Ancient galaxy with a record star formation rate was found in the constellation Sextant

(ORDO NEWS) — American and European astronomers have found in the constellation Sextant a giant ancient galaxy, which in the first epochs of the existence of the Universe managed to form and reach a mass of 20 trillion Suns in just 500 million years – an almost impossible short time by the standards of cosmology. The article with the results of the study was accepted for publication by the Astrophysical Journal.

“Our observations have shown that, thanks to the ultra-fast rate of formation of new stars, the largest galaxies can grow unusually quickly. Now we need to understand whether the galaxy C1-23152 we discovered can be considered an exception or a typical example of what happened in the early Universe,” said Francesco la Barbera, astronomer of the Italian National Astrophysical Institute (INAF).

It is believed that the first galaxies appeared in the Universe about 300-400 million years after the Big Bang. Then its matter had time to cool down to temperatures at which cold clouds of gas can form. Stars are formed within these clouds.

At first, astronomers assumed that the first galaxies were relatively small and grew slowly. Recent discoveries show that this is actually not the case – large galaxies, which are dozens of times larger than the Milky Way, appeared already in the first billion years of the life of the Universe. The fact of their existence has become another big mystery for scientists.

La Barbera and his colleagues found that galaxies in the early universe could grow even faster than Hubble’s observations of the oldest galaxies in the universe indicated, conducting a kind of “census” of stars in several recently discovered ancient galaxies. This conclusion of scientists was prompted by observations of galaxies, the light from which went to the Earth for almost 12 billion years. This means that we see them in the state in which they were approximately 1.93 billion years after the Big Bang.

Astronomers have tried to determine how fast these galaxies formed stars, how often these galaxies collided with neighboring star clusters and consumed them. To do this, scientists analyzed the spectrum of these galaxies using the LBT binocular telescope, which is installed at the top of Mount Graham in the southern United States, as well as their other properties.

Astronomers roughly estimated how many stars were in these galaxies. During the work, scientists unexpectedly found out that one of such objects, the elliptical galaxy C1-23152 from the constellation Sextant, was formed in a very short time – about 500-600 million years.
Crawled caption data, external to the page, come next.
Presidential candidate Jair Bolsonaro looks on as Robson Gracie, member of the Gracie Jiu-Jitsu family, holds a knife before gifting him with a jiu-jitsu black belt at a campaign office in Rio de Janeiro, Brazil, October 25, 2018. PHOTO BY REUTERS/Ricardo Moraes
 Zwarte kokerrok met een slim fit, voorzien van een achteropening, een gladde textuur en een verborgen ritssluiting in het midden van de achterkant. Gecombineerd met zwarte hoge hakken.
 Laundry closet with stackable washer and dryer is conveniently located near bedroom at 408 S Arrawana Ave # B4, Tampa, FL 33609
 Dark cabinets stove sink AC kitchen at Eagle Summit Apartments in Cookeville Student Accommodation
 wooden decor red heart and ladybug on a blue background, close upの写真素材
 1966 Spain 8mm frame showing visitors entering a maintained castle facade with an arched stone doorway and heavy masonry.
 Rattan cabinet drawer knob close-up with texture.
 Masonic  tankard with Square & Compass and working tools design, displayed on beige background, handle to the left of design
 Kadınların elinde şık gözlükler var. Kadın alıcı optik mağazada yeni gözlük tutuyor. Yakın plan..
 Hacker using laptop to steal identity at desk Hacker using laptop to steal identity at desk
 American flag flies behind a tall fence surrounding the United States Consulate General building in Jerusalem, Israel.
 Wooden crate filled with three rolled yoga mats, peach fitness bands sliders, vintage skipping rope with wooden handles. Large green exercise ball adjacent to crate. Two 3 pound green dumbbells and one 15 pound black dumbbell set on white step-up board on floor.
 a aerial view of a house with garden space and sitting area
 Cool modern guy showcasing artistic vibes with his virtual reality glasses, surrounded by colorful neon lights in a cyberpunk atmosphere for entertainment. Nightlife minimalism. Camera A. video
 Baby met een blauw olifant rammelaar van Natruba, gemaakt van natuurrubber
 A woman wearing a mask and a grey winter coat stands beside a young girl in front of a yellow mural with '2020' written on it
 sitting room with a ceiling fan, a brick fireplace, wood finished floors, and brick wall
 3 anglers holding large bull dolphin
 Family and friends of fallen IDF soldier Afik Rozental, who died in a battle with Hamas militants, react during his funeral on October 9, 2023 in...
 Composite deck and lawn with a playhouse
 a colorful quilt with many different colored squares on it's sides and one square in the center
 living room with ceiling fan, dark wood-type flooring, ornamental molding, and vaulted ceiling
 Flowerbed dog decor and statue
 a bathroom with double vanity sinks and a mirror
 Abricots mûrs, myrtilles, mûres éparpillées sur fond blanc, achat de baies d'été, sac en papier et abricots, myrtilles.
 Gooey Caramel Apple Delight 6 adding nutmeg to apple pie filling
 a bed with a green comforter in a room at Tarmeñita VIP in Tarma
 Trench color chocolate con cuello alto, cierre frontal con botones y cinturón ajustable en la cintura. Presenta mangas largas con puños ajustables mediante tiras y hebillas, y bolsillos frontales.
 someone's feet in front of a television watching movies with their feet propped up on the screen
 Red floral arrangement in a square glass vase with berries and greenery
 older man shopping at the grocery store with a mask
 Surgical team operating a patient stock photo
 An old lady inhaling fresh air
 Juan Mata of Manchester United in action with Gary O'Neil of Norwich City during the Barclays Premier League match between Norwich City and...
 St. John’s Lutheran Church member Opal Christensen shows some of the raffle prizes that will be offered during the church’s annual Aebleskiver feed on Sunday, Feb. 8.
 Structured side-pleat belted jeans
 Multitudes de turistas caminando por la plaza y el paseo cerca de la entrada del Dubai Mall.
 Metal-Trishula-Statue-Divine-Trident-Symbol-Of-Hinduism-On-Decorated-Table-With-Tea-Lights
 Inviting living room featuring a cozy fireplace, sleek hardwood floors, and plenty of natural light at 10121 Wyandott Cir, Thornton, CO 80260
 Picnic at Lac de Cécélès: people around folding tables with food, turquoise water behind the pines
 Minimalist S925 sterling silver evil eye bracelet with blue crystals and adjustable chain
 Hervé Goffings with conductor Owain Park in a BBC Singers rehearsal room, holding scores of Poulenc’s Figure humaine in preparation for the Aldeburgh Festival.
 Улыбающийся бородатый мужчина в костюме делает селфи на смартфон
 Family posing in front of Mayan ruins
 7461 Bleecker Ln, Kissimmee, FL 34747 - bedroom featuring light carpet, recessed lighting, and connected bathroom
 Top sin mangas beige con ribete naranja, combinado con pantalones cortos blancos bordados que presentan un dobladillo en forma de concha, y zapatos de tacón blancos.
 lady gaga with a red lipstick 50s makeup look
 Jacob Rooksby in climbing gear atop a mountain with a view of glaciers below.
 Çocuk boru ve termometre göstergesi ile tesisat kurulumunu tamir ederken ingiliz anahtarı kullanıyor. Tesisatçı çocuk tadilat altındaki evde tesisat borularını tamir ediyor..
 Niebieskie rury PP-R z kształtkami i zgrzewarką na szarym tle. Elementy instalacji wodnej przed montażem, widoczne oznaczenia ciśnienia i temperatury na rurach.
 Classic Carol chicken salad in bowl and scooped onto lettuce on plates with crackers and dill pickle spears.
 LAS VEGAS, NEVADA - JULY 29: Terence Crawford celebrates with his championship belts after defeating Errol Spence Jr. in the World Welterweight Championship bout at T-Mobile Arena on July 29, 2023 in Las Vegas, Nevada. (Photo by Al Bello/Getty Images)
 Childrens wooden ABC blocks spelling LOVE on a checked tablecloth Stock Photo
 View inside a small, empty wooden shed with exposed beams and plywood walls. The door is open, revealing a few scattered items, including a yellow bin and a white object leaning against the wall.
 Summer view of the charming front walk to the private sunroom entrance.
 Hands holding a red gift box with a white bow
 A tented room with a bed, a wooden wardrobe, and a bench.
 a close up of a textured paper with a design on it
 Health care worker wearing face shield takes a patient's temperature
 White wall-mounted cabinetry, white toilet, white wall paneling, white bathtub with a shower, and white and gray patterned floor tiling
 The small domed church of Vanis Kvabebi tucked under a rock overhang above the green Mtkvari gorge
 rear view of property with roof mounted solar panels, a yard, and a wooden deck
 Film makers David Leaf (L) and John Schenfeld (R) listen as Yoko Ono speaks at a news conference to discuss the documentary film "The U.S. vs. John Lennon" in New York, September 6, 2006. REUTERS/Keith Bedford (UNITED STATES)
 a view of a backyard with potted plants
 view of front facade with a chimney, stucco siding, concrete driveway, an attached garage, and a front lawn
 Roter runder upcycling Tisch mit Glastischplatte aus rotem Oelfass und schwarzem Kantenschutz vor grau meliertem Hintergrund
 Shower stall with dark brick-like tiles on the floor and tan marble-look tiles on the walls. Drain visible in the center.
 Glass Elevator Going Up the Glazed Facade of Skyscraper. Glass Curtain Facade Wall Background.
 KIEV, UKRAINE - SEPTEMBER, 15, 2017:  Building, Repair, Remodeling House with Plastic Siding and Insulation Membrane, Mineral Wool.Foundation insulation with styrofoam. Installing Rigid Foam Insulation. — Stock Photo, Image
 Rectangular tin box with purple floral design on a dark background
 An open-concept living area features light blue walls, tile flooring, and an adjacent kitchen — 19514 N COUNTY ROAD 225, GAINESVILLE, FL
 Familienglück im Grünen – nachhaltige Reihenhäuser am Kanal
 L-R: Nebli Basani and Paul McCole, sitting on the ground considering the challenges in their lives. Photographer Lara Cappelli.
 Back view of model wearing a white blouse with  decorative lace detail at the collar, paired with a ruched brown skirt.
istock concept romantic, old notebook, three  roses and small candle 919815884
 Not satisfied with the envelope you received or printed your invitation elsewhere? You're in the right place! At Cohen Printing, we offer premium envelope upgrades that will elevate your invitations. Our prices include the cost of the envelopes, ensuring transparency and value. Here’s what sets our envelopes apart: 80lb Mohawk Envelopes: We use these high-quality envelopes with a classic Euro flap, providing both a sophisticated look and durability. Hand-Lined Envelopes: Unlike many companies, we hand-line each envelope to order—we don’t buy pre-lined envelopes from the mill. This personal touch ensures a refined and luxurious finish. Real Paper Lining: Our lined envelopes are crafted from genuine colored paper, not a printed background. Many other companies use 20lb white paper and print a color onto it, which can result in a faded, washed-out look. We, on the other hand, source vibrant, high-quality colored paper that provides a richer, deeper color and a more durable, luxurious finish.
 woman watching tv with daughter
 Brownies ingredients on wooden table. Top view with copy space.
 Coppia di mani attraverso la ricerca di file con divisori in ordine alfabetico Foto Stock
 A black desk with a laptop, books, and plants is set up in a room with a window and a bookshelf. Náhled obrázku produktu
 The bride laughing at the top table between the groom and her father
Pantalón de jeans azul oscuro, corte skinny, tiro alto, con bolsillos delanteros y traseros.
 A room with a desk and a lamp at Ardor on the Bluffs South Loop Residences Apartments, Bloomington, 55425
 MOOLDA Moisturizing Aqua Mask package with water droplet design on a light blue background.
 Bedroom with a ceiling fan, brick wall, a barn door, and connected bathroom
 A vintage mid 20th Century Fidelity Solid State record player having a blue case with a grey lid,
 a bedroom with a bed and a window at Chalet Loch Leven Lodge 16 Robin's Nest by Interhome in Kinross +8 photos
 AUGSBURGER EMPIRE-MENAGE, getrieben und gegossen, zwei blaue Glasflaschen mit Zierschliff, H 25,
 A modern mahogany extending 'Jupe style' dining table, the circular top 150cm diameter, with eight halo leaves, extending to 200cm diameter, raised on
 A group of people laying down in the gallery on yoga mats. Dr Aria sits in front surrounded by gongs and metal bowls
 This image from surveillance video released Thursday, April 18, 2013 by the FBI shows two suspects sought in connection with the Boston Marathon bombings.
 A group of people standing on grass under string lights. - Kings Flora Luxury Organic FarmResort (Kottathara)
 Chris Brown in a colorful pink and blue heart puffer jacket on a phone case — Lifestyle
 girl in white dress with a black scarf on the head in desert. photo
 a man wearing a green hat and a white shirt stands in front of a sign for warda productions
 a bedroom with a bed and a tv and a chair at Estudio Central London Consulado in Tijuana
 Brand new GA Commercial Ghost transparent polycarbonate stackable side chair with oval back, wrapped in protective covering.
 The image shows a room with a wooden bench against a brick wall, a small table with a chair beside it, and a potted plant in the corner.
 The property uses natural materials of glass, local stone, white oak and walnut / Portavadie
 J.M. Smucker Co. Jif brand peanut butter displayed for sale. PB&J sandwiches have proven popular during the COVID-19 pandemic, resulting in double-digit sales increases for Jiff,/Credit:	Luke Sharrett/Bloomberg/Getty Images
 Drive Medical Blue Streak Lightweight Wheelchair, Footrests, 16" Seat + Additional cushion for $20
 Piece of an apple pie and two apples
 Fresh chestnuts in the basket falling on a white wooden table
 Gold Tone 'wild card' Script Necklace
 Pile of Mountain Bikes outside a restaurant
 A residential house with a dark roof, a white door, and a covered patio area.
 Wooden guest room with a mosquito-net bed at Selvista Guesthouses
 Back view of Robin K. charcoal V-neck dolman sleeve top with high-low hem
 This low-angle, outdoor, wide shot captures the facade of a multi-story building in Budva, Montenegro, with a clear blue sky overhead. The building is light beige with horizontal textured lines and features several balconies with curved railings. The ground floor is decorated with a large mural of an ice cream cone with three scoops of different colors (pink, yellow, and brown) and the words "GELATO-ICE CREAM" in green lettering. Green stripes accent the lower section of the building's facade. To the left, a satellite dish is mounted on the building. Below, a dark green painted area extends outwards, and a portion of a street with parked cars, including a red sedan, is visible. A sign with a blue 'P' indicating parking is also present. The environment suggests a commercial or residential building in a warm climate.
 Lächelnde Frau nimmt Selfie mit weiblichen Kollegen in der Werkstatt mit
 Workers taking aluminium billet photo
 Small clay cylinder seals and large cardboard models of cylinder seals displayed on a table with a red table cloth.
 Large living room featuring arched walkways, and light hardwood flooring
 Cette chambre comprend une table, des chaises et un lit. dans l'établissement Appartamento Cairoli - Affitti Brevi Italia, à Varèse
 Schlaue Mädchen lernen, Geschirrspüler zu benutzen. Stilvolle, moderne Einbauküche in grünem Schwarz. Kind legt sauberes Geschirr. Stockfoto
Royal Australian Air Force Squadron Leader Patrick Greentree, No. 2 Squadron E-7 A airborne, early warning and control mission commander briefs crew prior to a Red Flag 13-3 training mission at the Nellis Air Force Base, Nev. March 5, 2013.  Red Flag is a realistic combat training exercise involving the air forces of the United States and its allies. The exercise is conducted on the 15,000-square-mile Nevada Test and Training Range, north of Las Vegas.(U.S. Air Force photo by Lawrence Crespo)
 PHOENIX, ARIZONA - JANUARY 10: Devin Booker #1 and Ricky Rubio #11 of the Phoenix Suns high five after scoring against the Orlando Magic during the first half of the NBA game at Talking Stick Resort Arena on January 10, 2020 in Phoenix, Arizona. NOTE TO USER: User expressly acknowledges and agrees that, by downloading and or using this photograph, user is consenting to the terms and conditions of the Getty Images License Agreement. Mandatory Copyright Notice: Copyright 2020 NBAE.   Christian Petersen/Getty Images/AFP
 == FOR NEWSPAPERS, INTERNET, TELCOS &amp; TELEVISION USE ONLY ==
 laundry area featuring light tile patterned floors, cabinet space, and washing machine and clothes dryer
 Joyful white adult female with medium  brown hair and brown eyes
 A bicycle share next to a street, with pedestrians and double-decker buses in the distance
This is supported, in particular, by the fact that the average age of stars inside C1-23152 does not exceed 400 million years. This is evidenced by some features of the spectrum of this galaxy. They indicate that the stars in C1-23152 were forming at a record speed. On average, tens and hundreds of new stars were formed in it every year, the total mass of which exceeded the solar mass by about 450 times. These rates of star formation are hundreds of times higher than those observed in the Milky Way and its neighbors.

Interestingly, scientists have not found a single hint that over the entire 500 million years of its existence, C1-23152 collided with neighboring galaxies or absorbed them. This suggests that it “alone” reached a mass about 20 trillion times the solar mass. Previously, this was considered impossible in principle. Astronomers suggest that this was due to the fact that C1-23152 was formed as a result of the collision of several superdense clouds of gas, the existence of which was possible only in the first epochs after the Big Bang.

An equally big mystery for scientists was why the star formation processes in this galaxy, about 600 million years after its appearance, abruptly stopped. La Barbera and his colleagues hope that further observations of C1-23152, as well as similar research for other largest galaxies in the early universe, will help answer both of these questions.